Mais le virus venu du froid réserve d’autres surprises aux scientifiques. D’un diamètre de 0,5 micromètre et long de 1,5 micromètre, c’est le plus gros jamais découvert. Il fait donc partie de la catégorie des virus géants, visibles au microscope optique. Plus grand en taille que Pandoravirus, le détenteur du précédent record, il possède, comme lui, une enveloppe en forme d’amphore.

Dans un premier temps, cette observation oriente les chercheurs sur la piste d’un ancien Pandoravirus. Mais l’analyse génomique infirme cette hypothèse, puisqu'aucune parenté génétique n’est démontrée.

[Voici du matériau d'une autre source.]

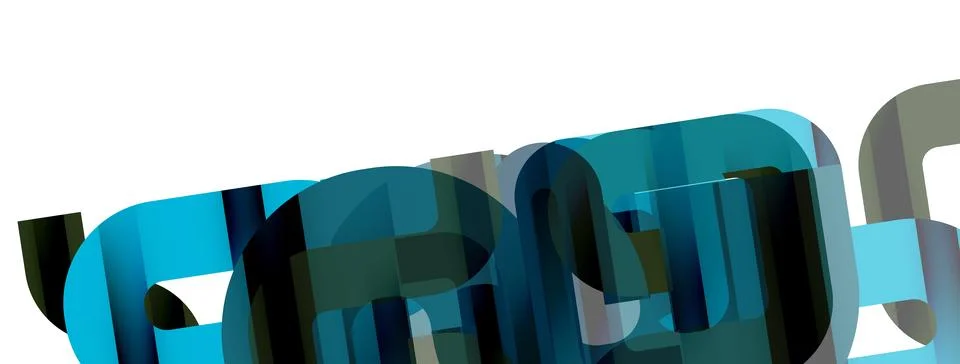 Dynamic waves, flowing lines, stripes vector geometric elements minimal pattern Stock Illustration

Pithovirus contient beaucoup moins de gènes – environ 500 – que les Pandoravirus – jusqu'à 2.500, soit le plus grand génome viral connu à ce jour. De plus, sur la centaine de protéines le constituant, Pithovirus n’en partage que deux avec l’autre géant.

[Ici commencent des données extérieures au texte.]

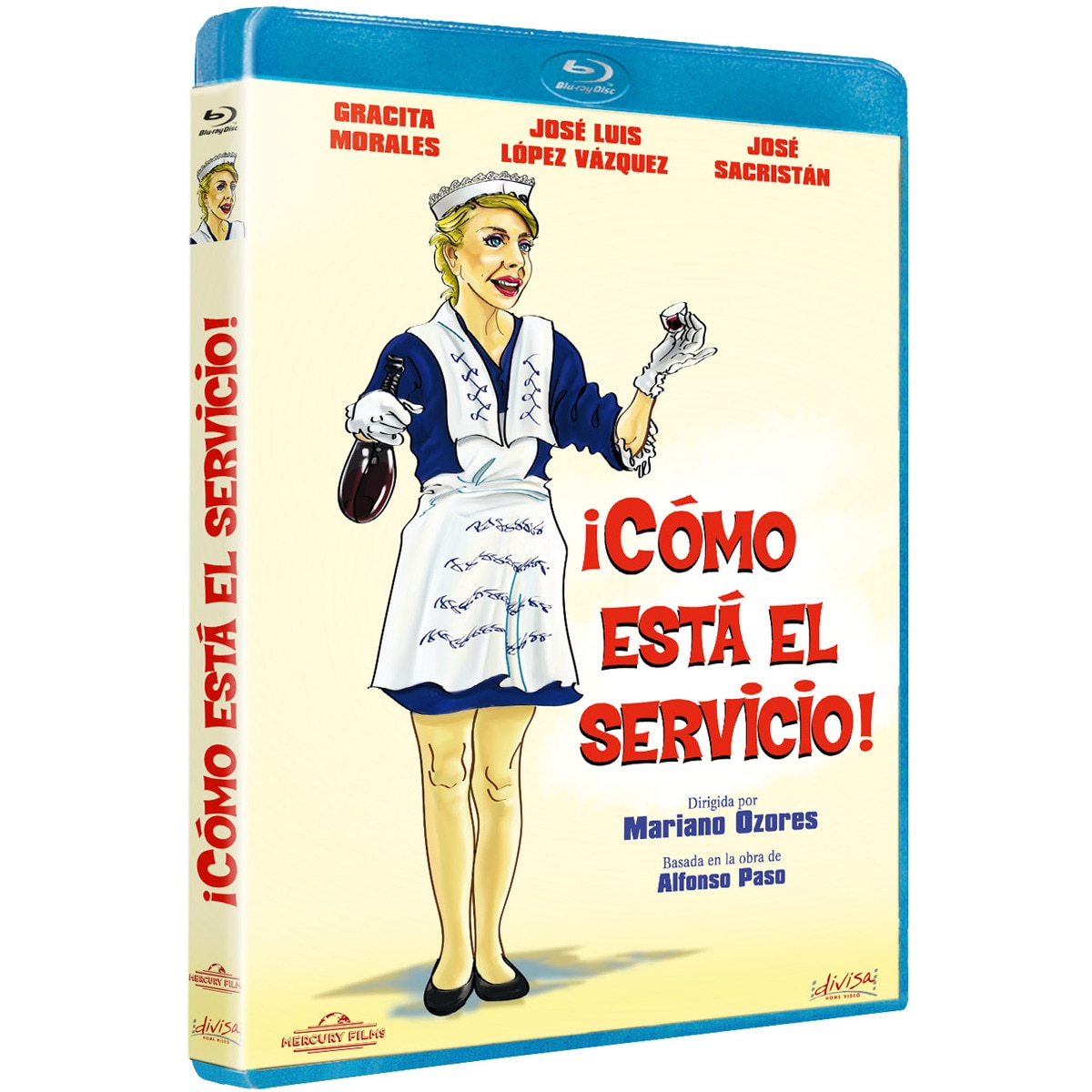 Imagen 0 de ¡Cómo está el servicio! (Blu-Ray)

Un potentiel infectieux intact

Autres constats : le génome plus modeste du nouveau venu et son mode de réplication le rapprochent de celui des Megaviridae. La multiplication du virus se déroule dans le cytoplasme, en-dehors du noyau de la cellule infectée de l’amibe Acanthamoeba. Il se propage donc plus facilement.

Mais ce n’est pas pour autant que ce nouveau spécimen appartient à l’une ou l’autre des familles précédemment découvertes. En effet, une analyse approfondie révèle que Pithovirus possède des caractéristiques suffisamment originales pour que les scientifiques le classent dans une nouvelle famille de virus géant.

En dépit de sa congélation prolongée, Pithovirus a conservé tout son potentiel infectieux. Pas de crainte à avoir, cependant : comme tous les virus géants étudiés jusqu’à ce jour, il n’infecte qu’un genre d’amibe.

Cela étant, la découverte d’un virus inconnu, actif après 30.000 ans passés dans le sous-sol d'une région arctique, pose question. En effet, l'Arctique est très sensible au changement climatique et fait l’objet d’une exploitation intensive de ses ressources minières et en hydrocarbures. Comme la résurgence de virus actifs mis au jour par la fonte du pergélisol constitue désormais un scénario tout à fait envisageable, l'identification de ces nouveaux organismes prend tout son sens.